Abstract

Multi-wavelength fluorescence spectroscopy was evaluated as a tool for on-line monitoring of recombinant Escherichia coli cultivations expressing human basic fibroblast growth factor (hFGF-2). The data sets for the various combinations of the excitation and emission spectra from batch cultivations were analyzed using principal component analysis. Chemometric models (the partial least squares method) were developed for correlating the fluorescence data and the experimentally measured variables such as the biomass and glucose concentrations as well as the carbon dioxide production rate. Excellent correlations were obtained for these variables for the calibration cultivations. The predictability of these models was further tested in batch and fed-batch cultivations. The batch cultivations were well predicted by the PLS models for biomass, glucose concentrations and carbon dioxide production rate (RMSEPs were respectively 5%, 7%, 9%).

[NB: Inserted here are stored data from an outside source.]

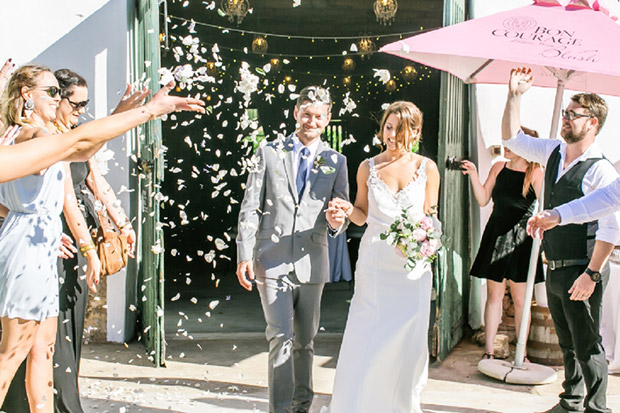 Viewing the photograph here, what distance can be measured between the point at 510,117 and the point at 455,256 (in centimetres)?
198

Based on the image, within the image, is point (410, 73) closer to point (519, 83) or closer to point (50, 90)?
point (519, 83)

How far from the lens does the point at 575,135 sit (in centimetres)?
448

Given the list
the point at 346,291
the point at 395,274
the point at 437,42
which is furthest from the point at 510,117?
the point at 346,291

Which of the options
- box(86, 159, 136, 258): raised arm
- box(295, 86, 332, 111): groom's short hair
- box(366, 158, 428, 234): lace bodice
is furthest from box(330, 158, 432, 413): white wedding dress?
box(86, 159, 136, 258): raised arm

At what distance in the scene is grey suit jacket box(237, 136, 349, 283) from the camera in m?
4.36

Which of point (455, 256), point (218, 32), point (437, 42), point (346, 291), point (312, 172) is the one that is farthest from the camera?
point (218, 32)

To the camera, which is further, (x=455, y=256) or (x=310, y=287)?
(x=455, y=256)

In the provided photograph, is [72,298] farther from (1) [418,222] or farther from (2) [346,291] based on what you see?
A: (2) [346,291]

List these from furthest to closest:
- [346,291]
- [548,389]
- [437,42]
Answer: [346,291] < [548,389] < [437,42]

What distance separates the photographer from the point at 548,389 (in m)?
5.44

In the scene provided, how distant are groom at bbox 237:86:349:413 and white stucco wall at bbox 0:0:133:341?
2.38 metres

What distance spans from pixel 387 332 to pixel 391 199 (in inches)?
30.6

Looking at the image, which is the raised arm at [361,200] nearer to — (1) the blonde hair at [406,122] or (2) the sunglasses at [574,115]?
(1) the blonde hair at [406,122]

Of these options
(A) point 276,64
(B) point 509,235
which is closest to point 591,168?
(B) point 509,235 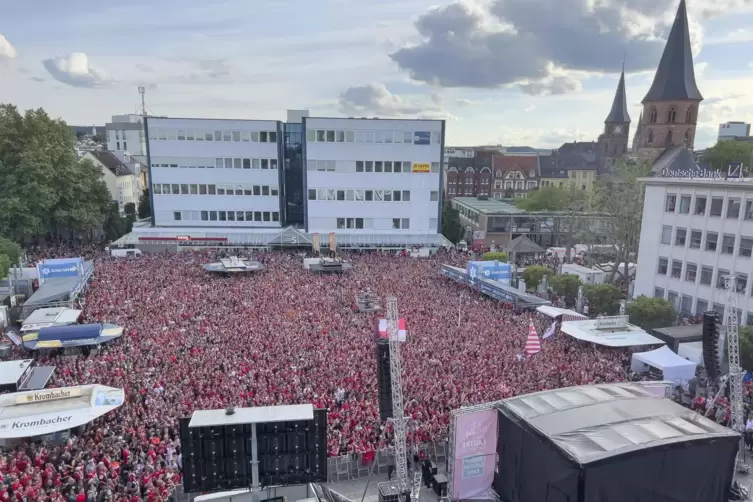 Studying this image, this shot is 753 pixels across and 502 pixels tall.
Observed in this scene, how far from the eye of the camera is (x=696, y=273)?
2545cm

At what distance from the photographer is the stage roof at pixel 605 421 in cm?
920

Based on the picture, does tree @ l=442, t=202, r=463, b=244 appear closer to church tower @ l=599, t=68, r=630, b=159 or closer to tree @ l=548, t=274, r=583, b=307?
tree @ l=548, t=274, r=583, b=307

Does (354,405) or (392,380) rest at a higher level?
(392,380)

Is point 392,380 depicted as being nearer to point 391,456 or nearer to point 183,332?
point 391,456

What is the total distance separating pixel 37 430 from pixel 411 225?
34642 millimetres

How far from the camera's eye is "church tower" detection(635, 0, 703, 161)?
6191 cm

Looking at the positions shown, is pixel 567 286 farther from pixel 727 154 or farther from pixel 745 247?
pixel 727 154

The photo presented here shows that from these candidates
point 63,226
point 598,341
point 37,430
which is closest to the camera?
point 37,430

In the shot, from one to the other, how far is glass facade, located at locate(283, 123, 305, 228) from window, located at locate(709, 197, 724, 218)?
31.2 meters

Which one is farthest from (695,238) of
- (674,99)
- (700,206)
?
(674,99)

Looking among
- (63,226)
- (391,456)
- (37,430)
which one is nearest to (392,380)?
(391,456)

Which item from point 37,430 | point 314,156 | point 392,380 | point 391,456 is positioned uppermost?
point 314,156

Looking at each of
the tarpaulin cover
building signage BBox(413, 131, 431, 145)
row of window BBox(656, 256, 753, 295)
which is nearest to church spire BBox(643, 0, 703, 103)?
building signage BBox(413, 131, 431, 145)

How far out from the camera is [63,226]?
41000 mm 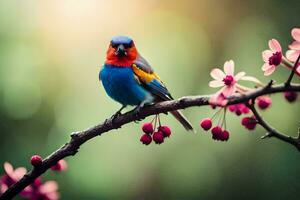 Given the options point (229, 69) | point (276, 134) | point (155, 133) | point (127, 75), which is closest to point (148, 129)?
point (155, 133)

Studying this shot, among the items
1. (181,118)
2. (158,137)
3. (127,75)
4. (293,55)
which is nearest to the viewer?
(293,55)

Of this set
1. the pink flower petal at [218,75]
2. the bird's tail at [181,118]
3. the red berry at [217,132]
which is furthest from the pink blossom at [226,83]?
the bird's tail at [181,118]

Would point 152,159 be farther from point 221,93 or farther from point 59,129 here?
point 221,93

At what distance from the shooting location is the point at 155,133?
1.26m

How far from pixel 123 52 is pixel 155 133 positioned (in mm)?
583

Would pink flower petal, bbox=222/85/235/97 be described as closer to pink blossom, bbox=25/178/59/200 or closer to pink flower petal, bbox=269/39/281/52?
pink flower petal, bbox=269/39/281/52

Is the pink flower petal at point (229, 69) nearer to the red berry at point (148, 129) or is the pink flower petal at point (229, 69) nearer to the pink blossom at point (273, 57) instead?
the pink blossom at point (273, 57)

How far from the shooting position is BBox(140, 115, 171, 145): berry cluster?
1.24 m

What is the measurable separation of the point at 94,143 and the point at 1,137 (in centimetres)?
48

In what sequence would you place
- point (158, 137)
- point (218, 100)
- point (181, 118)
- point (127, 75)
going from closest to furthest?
point (218, 100)
point (158, 137)
point (181, 118)
point (127, 75)

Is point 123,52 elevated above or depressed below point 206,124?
above

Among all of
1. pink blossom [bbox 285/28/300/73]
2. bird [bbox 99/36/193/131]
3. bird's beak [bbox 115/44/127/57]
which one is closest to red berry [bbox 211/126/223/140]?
pink blossom [bbox 285/28/300/73]

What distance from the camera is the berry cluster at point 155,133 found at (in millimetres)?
1239

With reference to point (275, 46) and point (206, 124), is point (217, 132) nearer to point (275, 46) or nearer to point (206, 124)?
point (206, 124) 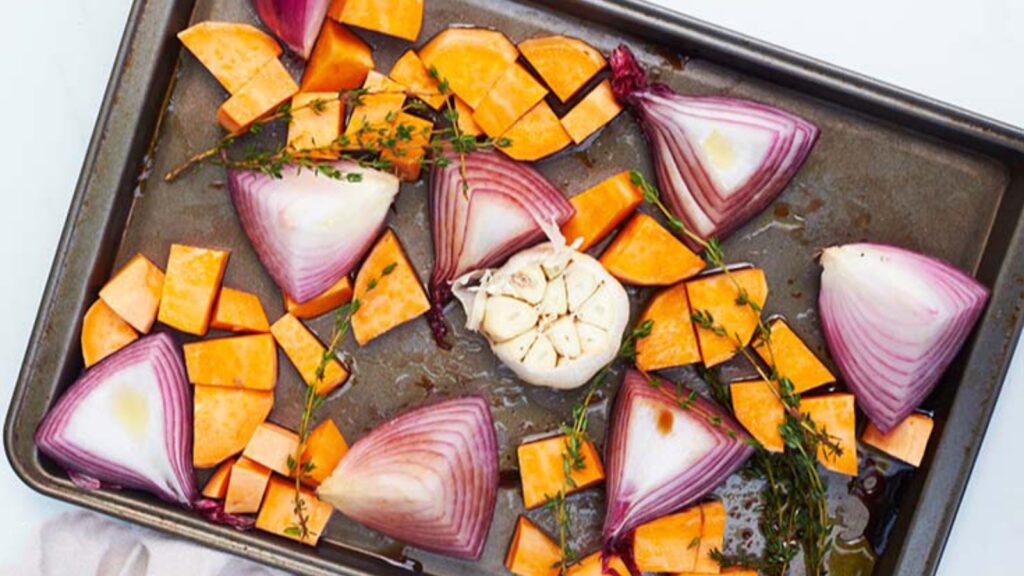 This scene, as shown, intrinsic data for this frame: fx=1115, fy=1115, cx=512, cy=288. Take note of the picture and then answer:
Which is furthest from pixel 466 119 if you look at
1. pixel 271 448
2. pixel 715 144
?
pixel 271 448

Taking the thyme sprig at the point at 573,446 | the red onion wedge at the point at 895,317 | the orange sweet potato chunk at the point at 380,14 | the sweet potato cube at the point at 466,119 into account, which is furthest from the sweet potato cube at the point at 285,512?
the red onion wedge at the point at 895,317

However, when tested for biomass concentrations in fed-batch cultivations (with final biomass three times higher than the highest calibration data) the models had good predictability at high growth rates (RMSEPs were 3% and 4%, respectively for uninduced and induced fed-batch cultivations), which was as good as for the batch cultivations used for developing the models (RMSEPs were 3% and 5%, respectively for uninduced and induced batch cultivations). The fed-batch cultivations performed at low growth rates exhibited much higher fluorescence for fluorophores such as flavin and NAD(P)H as compared to fed-batch cultivations at high growth rate. Therefore, the PLS models tended to over-predict the biomass concentrations at low growth rates. Obviously the cells changed their concentration of biogenic fluorophores depending on the growth rate. Although multi-wavelength fluorescence spectroscopy is a valuable tool for on-line monitoring of bioprocess, care must be taken to re-calibrate the PLS models at different growth rates to improve the accuracy of predictions.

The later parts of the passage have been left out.